Because inverting an image means subtracting it’s pixel values from 1 (1-x), we need to add 1 to the result in the delta knob to get the correct maximum value of the original image (obviously there are many different ways to do the above, so feel free to experiment).

Now that we have established a way of getting our minimum and maximum values, let’s delete the MinColor and Invert nodes and write a script that does this for us…

Start by grabbing Grade1 from the Node Graph (DAG), then add a MinColor node with it’s target knob set to 0 using Python:

srcNode = nuke.toNode('Grade1')
nuke.nodes.MinColor(target=0)
The toNode() method let’s you retrieve a node from the Node Graph by name.
The nuke.nodes module can be used instead of the nuke.createNode() method. The difference is that createNode() behaves as if the node was created through the menus, which means it:
  • Changes the node selection to the new node.

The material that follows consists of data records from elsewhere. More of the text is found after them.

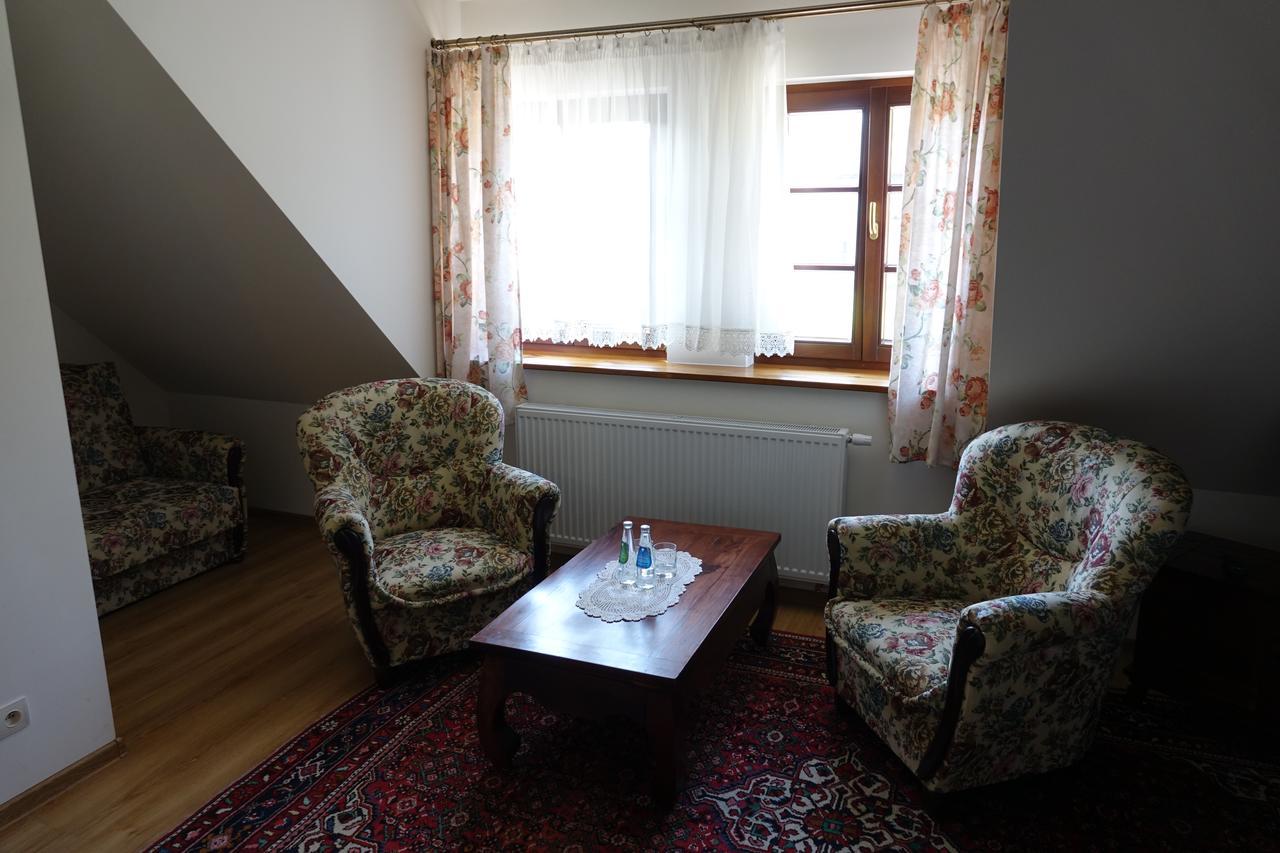 Gosciniec Dworski W Ropie - Pokoje Goscinne Ropa Luaran gambar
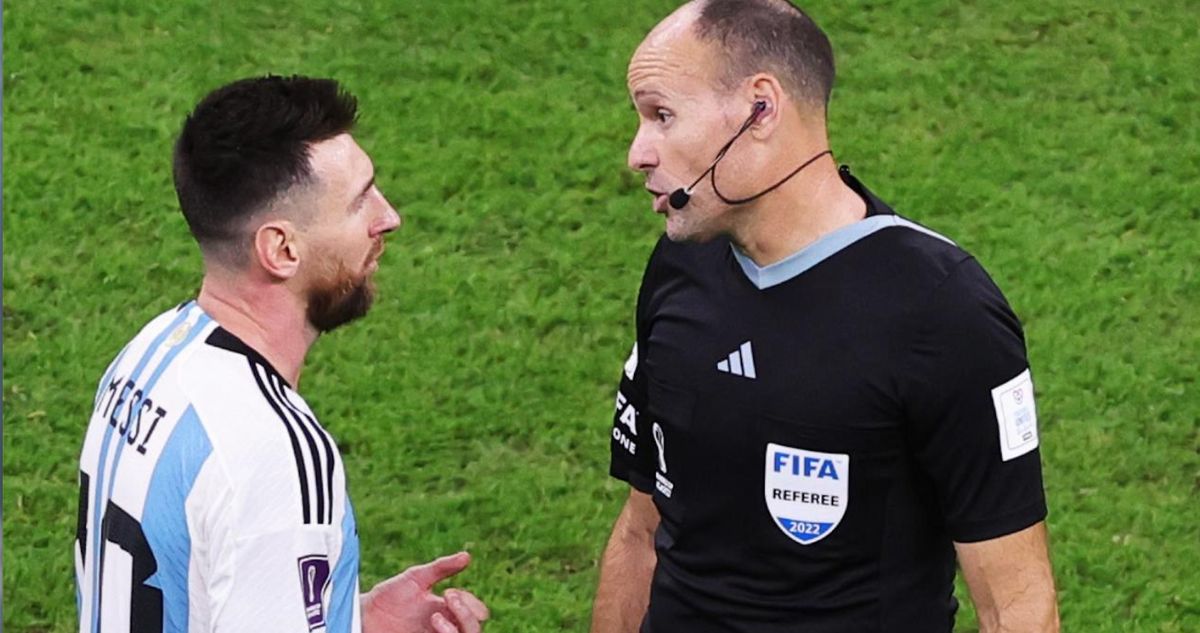 Árbitro del Argentina-Países Bajos quedó fuera para recta final del Mundial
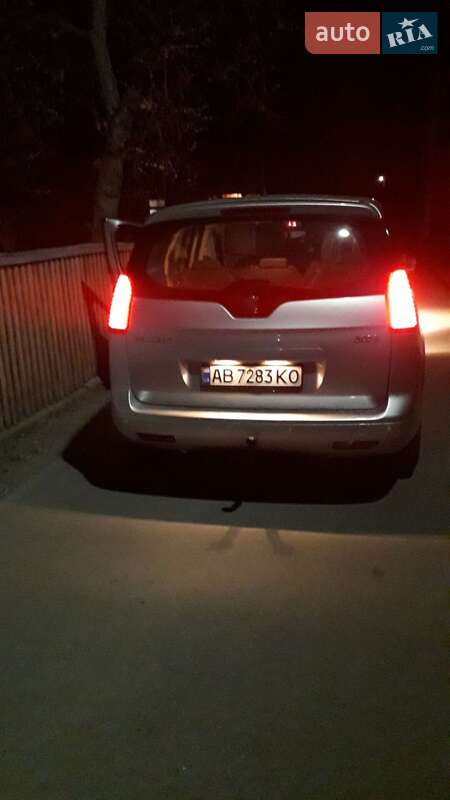 Мікровен Peugeot 5008 2013 в Гайсину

  • Tries to auto connect the new node.

  • Auto-positions the new node.

  • Hooks up the current Viewer buffer.

  • Opens the control panel by default.

nuke.nodes does a little less hand-holding. It simply creates a node without doing or changing anything. Since we are creating temporary nodes that we intend delete again, use this to make sure the Node Graph does not change for the user after the script has run. This does mean, however, we have to manually connect the new node - easily done at the time of creation by assigning a list of input nodes as arguments:

srcNode = nuke.toNode('Grade1')
nuke.nodes.MinColor(target=0, inputs=[srcNode])

The inputs argument expects a list of nodes because some nodes take multiple inputs. This way, you can hook them all up at once.

Now we should also assign an argument that defines the channels we want to analyze as we don’t want to limit ourselves to the default rgba. Also, we need to assign the new node to a variable so we can access it later in the code:

srcNode = nuke.toNode('Grade1')
channel = 'rgba.red'
MinColor = nuke.nodes.MinColor(channels=channel, target=0, inputs=[srcNode])

The above sets the new MinColor node to analyze only the red channel in the rgba layer.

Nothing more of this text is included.